Mike Osborne was celebrating July 4 with friends last year when their store-bought fireworks spiraled out of control.
Osbourne's right eye was pierced after a box full of the explosives tipped over and fired off directly at him.
"I knew it got burnt, but I couldn't feel it," he said. "It just burnt the cornea so bad that it just somehow melted."
Osbourne underwent several surgeries. Months later, he still can't see clearly.
"It was kind of that feeling like, is this even real? Is this really happening? Nobody ever thinks it's going to happen," he said.
Dr. Earnest Grant, a fire safety expert at UNC's Jaycee Burn Center, says it's an injury he sees all too often.
"In the last two years we have admitted about 42 patients, and that doesn't include the ones that we also see in clinic," said Grant.

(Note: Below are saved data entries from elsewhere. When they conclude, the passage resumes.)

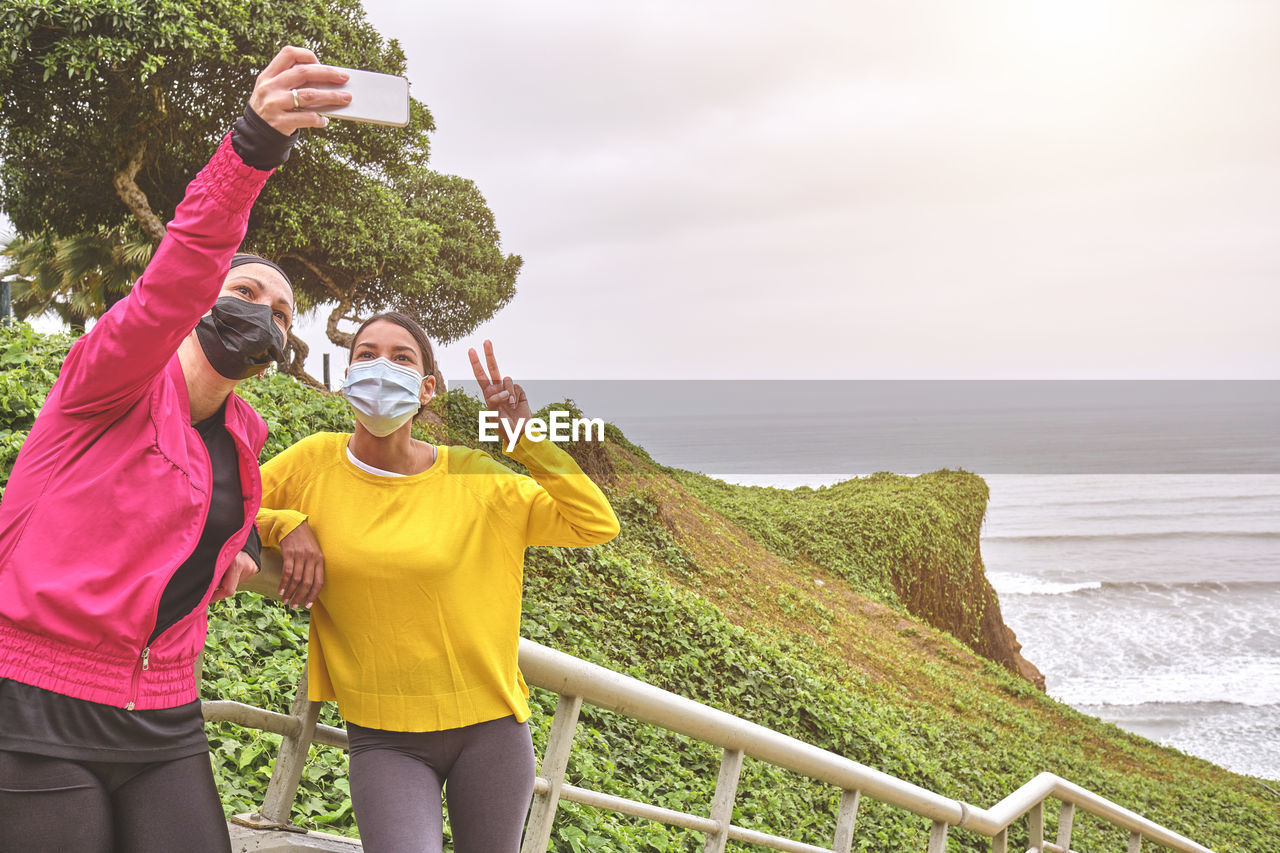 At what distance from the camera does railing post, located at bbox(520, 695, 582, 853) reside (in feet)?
6.31

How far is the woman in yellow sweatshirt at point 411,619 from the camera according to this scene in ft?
5.82

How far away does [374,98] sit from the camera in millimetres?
1435

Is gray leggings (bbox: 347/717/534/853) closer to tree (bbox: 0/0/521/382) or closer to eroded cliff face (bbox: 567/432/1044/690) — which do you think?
tree (bbox: 0/0/521/382)

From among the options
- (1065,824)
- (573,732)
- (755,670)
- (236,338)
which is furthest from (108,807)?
(755,670)

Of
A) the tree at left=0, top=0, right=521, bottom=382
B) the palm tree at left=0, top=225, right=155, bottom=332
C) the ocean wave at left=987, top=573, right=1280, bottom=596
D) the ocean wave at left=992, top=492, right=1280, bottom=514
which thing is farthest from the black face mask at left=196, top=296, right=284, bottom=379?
the ocean wave at left=992, top=492, right=1280, bottom=514

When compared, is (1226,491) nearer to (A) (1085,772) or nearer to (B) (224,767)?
(A) (1085,772)

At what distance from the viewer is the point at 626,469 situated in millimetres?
13570

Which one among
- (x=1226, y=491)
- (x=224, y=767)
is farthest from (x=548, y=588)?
(x=1226, y=491)

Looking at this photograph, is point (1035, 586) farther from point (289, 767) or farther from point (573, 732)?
point (289, 767)

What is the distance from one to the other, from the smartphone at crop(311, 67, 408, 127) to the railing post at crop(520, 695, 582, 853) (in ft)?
3.97

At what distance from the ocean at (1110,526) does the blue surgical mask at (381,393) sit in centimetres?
134

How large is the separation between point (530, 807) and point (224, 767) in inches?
52.9

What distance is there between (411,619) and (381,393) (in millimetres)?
498

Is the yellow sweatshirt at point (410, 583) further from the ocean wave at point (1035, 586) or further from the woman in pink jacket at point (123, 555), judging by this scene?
the ocean wave at point (1035, 586) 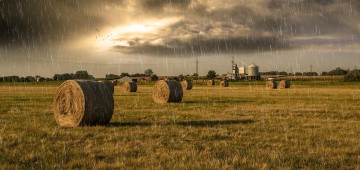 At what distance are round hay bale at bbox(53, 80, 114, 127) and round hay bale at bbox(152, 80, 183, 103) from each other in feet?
42.1

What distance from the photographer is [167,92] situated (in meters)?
28.1

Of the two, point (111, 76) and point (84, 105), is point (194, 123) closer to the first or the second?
point (84, 105)

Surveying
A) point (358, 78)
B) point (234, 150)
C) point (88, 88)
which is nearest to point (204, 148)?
point (234, 150)

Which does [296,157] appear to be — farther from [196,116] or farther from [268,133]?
[196,116]

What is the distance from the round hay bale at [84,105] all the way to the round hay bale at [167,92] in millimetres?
12824

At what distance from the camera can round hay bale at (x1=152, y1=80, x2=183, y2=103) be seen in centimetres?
2797

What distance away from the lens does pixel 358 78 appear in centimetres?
8881

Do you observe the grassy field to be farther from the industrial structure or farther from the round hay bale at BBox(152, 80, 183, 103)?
the industrial structure

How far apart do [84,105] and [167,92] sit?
1404cm

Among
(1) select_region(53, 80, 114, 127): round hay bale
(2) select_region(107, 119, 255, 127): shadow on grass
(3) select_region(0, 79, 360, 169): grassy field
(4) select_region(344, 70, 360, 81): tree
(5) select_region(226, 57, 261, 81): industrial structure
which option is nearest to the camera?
(3) select_region(0, 79, 360, 169): grassy field

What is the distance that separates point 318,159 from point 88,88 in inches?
370

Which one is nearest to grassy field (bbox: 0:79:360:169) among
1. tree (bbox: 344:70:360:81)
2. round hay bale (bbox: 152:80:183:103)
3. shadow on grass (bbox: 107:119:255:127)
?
shadow on grass (bbox: 107:119:255:127)

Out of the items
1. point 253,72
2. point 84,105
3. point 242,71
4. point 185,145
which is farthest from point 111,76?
point 185,145

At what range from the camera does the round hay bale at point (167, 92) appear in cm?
2797
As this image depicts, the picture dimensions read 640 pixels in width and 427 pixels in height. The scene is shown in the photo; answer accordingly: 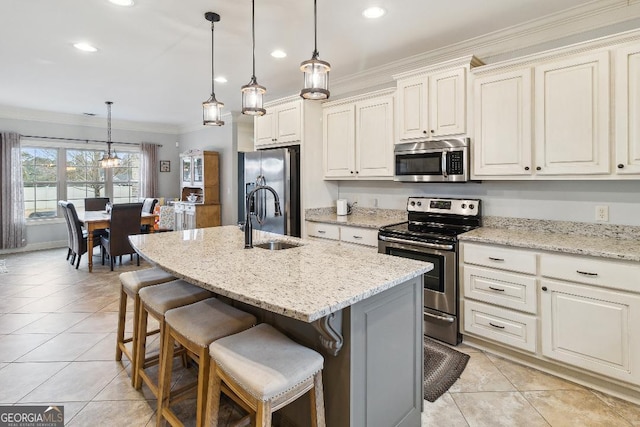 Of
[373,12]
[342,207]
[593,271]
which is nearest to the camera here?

From 2011-2012, more than 300 people in North Carolina went to emergency rooms for injuries from fireworks, many of them caused by sparklers, bottle rockets and roman candles.
The most severe traumas resulted in amputated fingers and hands.
"There's a lot to think about in that little split second when that firework goes off. I'm firmly convinced that the only safe and sane fireworks to use are used by professionals," said Grant.
This July 4, Osburne says he'll be watching fireworks on his television.
"It's just one of those things where it's kind of risky," he said.